Maybe it is a bit too cynical, but a product from a major brand and manufacturer, like TCL, on a crowdfunding platform only speaks to a very narrow user base. Apple probably should have done something similar with the Vision Pro and gotten their billions out that way.

Yeah, that is a bit cynical, but could it be right? Depends on who you are looking to impress. I think a lot of Alt Reality companies are looking at investors and the tailcoats of Apple to carry them through until the market turns in their favor. It’s certainly not product fit, user demand, solutions-oriented design, or an application base clamoring for product.

But, let me put aside that cynicism and skepticism for a while and think about it more objectively. I didn’t personally spend any time on the RayNeo demos at CES or the product because there were plenty of gawkers and determined show attendees wanting to explore the product. The general buzz about smart glasses is favorable on a superficial level, mostly as a next gen tech and, again, hot on the heels of expectations that Apple knows something about the Alt Reality business that no one else knows.

I know that Chris Chinnock has commented on the value of AI in real-time translations, and there is a notion that AR smart glasses and AI processing come together to provide a new means of communicating across language boundaries. There’s also the notion, as pitched here by TCL, for a more effective means of communicating with your AI assistant, like it’s an ethereal ghost buddy. It is going to be interesting to see if we end up with a waste mountain of these devices in the next few years or have to contend with our kids wearing them and tuning you out at the dinner table with a dead eyed star into a virtual world that only they can see. None of it sounds evolutionary or revolutionary. Dammit, I went all cynical again!

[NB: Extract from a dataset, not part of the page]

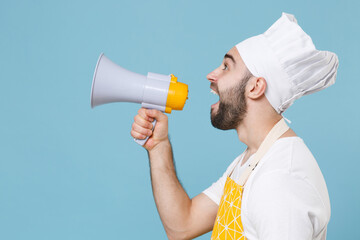 Side view of shocked young bearded male chef or cook baker man in apron white t-shirt toque chefs hat isolated on blue background studio. Cooking food concept. Mock up copy space. Scream in megaphone.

The RayNeo X2 and the Optics of Crowdfunding

At CES 2024, TCL announced a global crowdfunding campaign for the RayNeo X2 AR Glasses, set to launch in February 2024. The RayNeo X2 Lite AR Glasses leverage MicroLED optical waveguide display technology, with a 30° field of view through slim, transparent lenses. They are equipped with compact full-color AR glasses projectors on each side of the frame. These glasses also include AI-powered features like real-time translation, live captions, and 3D mapping navigation assistance, along with a 12MP camera for hands-free capture.

Source: TCL

The audio experience is triple microphones and high-fidelity speakers with Whisper Mode anti-sound leakage technology. It offers the now cliche spatial computing capabilities, SLAM navigation, face-tracking live translation, and AR gaming. Granted, the RayNeo X2 has already seen some success in China, but it’s plans for a global release on crowdfunding platform Indiegogo in February 2024 that piqued our interest.

The RayNeo X2 Lite is expected to be released in Q3’24, with more details to be announced soon.